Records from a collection
------------------------
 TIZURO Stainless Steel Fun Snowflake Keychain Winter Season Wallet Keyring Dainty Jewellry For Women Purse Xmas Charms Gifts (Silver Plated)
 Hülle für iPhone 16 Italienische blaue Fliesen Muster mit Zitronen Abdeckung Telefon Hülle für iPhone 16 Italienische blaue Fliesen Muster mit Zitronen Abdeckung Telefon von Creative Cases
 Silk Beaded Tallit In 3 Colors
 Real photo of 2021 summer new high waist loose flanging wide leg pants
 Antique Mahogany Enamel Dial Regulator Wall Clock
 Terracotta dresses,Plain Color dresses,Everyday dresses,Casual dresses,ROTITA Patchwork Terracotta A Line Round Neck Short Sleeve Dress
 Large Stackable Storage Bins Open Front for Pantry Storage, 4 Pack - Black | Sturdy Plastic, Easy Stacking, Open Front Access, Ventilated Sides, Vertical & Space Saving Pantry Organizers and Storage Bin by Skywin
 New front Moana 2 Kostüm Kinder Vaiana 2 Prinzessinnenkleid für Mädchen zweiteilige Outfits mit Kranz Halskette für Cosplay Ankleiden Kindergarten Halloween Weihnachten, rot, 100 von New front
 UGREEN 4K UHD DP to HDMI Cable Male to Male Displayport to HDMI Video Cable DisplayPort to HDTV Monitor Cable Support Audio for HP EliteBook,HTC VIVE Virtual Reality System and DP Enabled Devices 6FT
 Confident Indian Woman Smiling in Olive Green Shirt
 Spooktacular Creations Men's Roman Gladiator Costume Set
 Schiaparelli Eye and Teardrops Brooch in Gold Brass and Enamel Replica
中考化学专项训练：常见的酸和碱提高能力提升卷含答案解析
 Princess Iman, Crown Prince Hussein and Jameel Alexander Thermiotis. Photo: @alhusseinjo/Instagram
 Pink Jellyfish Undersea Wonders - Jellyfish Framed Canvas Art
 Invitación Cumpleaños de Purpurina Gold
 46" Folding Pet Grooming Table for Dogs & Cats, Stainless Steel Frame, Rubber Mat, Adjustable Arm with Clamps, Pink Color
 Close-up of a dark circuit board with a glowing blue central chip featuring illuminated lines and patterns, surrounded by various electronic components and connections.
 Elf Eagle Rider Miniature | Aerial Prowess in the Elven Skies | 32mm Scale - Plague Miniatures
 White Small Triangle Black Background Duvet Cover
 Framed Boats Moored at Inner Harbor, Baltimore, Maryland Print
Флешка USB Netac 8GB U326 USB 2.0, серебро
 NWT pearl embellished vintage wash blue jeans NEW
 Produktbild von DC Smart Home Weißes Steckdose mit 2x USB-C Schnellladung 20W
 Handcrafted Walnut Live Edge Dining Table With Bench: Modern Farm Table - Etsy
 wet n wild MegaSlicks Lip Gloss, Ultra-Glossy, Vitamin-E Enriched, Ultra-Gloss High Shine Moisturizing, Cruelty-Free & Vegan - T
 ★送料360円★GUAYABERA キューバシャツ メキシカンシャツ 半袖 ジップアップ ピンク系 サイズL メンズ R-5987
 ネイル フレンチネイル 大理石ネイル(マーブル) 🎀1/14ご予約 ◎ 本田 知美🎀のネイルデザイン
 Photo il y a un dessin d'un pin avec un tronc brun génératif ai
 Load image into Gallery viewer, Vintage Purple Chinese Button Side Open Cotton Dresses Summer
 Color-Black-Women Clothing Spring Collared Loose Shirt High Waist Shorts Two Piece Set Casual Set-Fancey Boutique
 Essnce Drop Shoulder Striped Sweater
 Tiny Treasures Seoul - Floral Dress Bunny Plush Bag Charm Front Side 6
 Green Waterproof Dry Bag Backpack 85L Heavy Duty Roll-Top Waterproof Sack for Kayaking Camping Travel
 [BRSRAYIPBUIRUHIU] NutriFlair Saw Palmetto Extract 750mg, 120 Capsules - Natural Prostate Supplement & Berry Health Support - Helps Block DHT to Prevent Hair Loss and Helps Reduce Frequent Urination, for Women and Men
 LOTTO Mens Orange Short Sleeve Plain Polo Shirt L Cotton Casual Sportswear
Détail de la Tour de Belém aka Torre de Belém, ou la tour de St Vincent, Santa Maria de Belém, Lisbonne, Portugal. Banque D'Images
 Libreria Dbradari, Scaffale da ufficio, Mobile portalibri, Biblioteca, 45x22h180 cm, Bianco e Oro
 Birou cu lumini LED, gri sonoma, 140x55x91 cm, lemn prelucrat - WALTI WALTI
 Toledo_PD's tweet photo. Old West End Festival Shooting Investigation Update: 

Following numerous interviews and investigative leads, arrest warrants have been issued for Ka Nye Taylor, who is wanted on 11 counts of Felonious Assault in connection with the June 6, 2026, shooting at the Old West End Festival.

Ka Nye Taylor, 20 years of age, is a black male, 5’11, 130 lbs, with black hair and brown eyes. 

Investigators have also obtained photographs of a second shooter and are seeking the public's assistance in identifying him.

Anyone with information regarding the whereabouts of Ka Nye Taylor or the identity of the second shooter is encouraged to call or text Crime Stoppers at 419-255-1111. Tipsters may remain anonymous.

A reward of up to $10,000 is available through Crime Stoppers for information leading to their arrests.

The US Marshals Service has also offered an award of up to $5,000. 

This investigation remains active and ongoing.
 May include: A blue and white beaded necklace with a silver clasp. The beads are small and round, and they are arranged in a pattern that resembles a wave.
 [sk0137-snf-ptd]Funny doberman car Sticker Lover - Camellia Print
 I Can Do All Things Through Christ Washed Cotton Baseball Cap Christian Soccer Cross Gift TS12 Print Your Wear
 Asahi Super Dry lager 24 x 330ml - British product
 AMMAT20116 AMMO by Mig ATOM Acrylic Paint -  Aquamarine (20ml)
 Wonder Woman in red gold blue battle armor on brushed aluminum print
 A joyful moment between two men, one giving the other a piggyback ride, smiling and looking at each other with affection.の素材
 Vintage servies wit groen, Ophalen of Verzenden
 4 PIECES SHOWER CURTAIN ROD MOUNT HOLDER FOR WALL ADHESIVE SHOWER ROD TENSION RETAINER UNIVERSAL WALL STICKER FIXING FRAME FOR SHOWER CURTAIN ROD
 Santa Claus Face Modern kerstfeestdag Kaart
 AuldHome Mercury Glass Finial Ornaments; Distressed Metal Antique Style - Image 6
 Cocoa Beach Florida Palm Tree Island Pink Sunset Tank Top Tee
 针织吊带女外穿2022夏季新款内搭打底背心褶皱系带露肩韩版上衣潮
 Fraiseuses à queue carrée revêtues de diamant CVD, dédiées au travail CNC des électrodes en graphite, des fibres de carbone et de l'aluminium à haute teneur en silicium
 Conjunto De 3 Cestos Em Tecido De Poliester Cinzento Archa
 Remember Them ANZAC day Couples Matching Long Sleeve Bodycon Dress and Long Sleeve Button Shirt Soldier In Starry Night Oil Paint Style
------------------------
■ **Assigned task**:
Exact reproduction is required. Give the lines of the data from its first line through the line containing "von Creative Cases", and no others.

■ **Solution**:
 TIZURO Stainless Steel Fun Snowflake Keychain Winter Season Wallet Keyring Dainty Jewellry For Women Purse Xmas Charms Gifts (Silver Plated)
 Hülle für iPhone 16 Italienische blaue Fliesen Muster mit Zitronen Abdeckung Telefon Hülle für iPhone 16 Italienische blaue Fliesen Muster mit Zitronen Abdeckung Telefon von Creative Cases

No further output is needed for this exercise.